29.10.2006
France / Italie
Samedi soir, sur les collines bolognaises.
Attablée avec nos amis devant les restes d’un délicieux dîner, concocté tous ensemble au fil de l’après-midi, entre deux ballades dans la campagne et des verres de vin blanc frizzante, l’esprit embrumé par diverses délicieuses vapeurs, j’écoute sans écouter tout en écoutant suffisamment pour pouvoir intervenir dans la discussion de temps à autre, et mes pensées vagabondent, laissant les idées s’enchaîner librement les unes aux autres.
Cet après-midi nous avons ramassé des châtaignes, rousses dans leurs bogues piquantes. Je me suis d’ailleurs enfoncée un piquant sous l’ongle du pouce, qu’il m’a fallu extraire, tout doucement entre deux ongles et sans mes lunettes. A peine retirée l’écharde intempestive, une belle, grosse et luisante châtaigne me lançant des signaux tentateurs, j’ai plongé une main aveugle dans un massif de sournoises petites orties : « Aïe, les garces ! Puttana Eva, qu’est-ce que ça fait mal… »
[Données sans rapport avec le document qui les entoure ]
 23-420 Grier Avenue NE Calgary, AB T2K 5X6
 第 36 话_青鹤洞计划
Passé le frénétique et inutile secouage de la main touchée, il m’est venu à l’esprit que je n’avais pas ressenti cette brulure depuis… tellement longtemps. Je suis restée là , immobile, à contempler la rougeur se répandre sur le dos de ma main en pensant aux orties de mon enfance et la douleur s’est estompée, elle a rejoint la catégorie « petits bobos liés à des instants de bonheur ».
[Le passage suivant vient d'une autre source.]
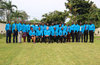 9811 secretary photo group 2019 wad 1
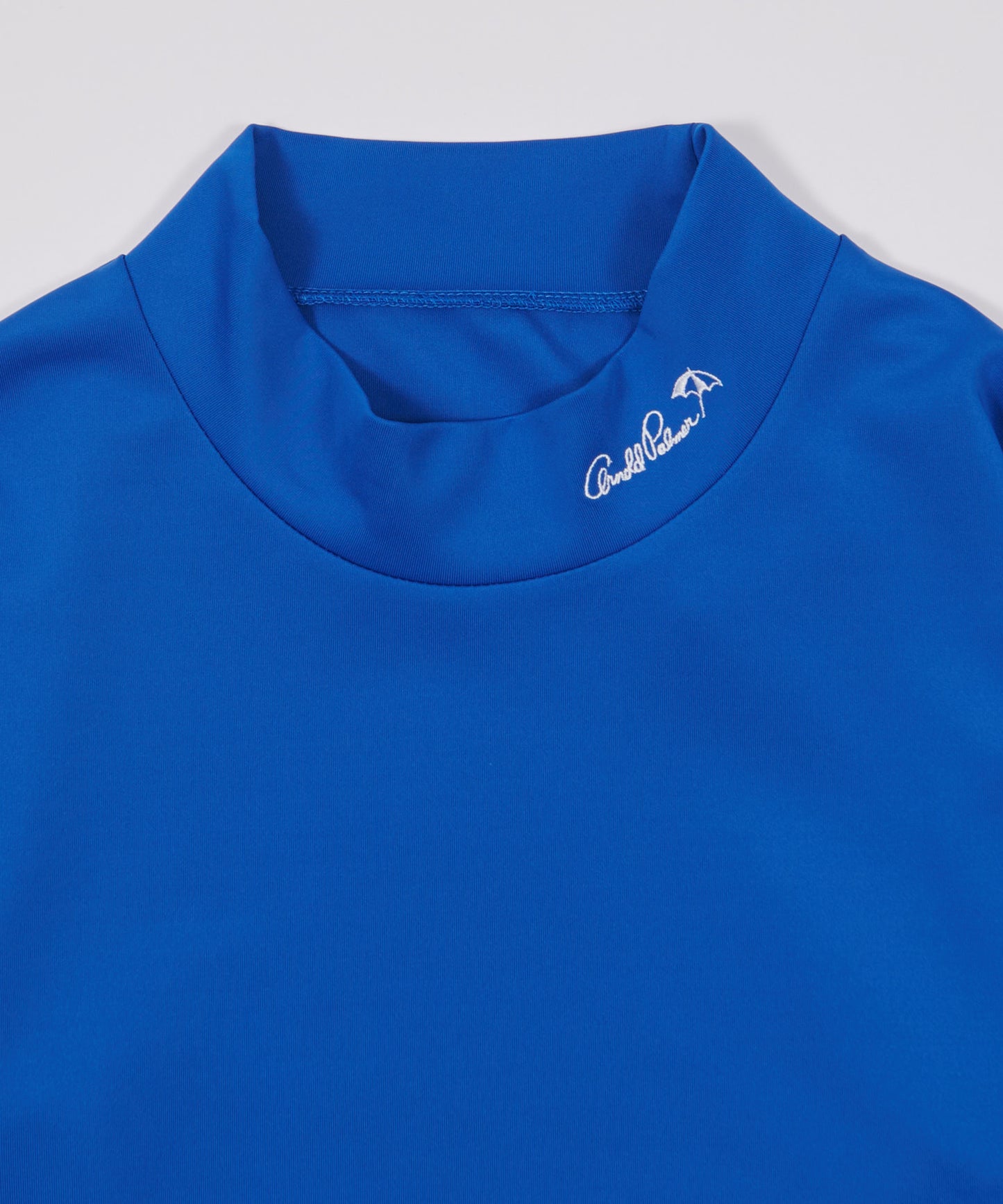 【予約】2026福袋《レディース》 Bセット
Et voilà que maintenant Valerio, l’élu local de Rifondazione Comunista, s’endort dans un coin du canapé, comme un Bouddha repus et satisfait. Patrizia débite l’une après l’autre des saillies hilarantes et moqueuses qui font éclater de rire l’assemblée. Au bout de la table, à ma droite, Renato raconte à Gianni son séjour à Manaus, sur le Rio Negro, il a vu un dauphin rose. « Moi aussi, dit Elisa, réalisatrice de documentaires en s’asseyant à côté d’eux, j’en ai vu cinq ! ». Puis elle chante la chanson de Lula, et tous espèrent que celui-ci sera réélu.
Marinella et Marzia se régalent de « cantuccini» (biscuits secs aux amandes) trempés dans du vin blanc liquoreux. Fabio, Barbara et Fiorella échangent des souvenirs d’un temps où ils étaient plus proches, Stefano regarde danser les flammes de la cheminée, la tête de Luna, sa chienne, tendrement posée sur ses genoux.
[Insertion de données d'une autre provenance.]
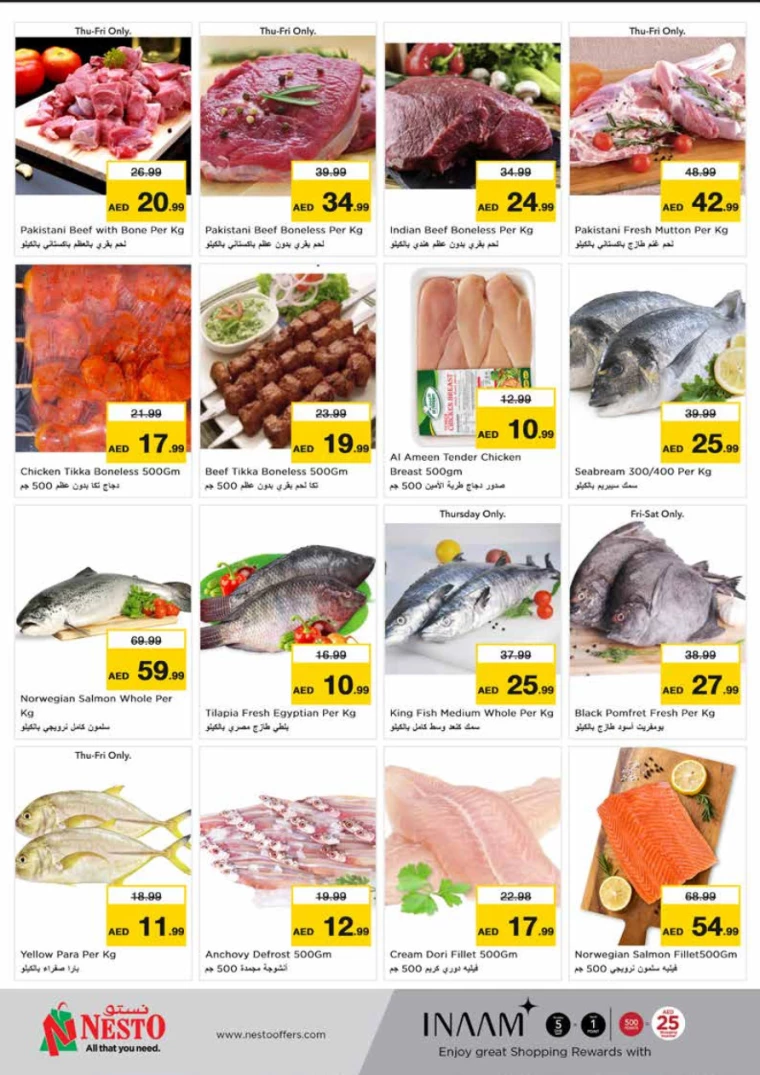 111716418834-664e7912a8b28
J’aime être entourée de ces Italiens cultivés, chaleureux et rieurs, italiens du nord, différents de Fabio et de ses amis du sud, exubérants et démonstratifs, différents de moi aussi. Parfois nos références se rejoignent, parfois non. Surtout quand Fiorella évoque la révolte estudiantine de Bologne, en 1977, dont certains d’entre eux ont été des leaders. Ils parlent de leurs amis exilés en France, comme Marzia et Renato pendant les années 80, et des dernières perquisitions qu’ils ont dû subir. Ils ont à peu près mon âge, mais nos vécus sont différents.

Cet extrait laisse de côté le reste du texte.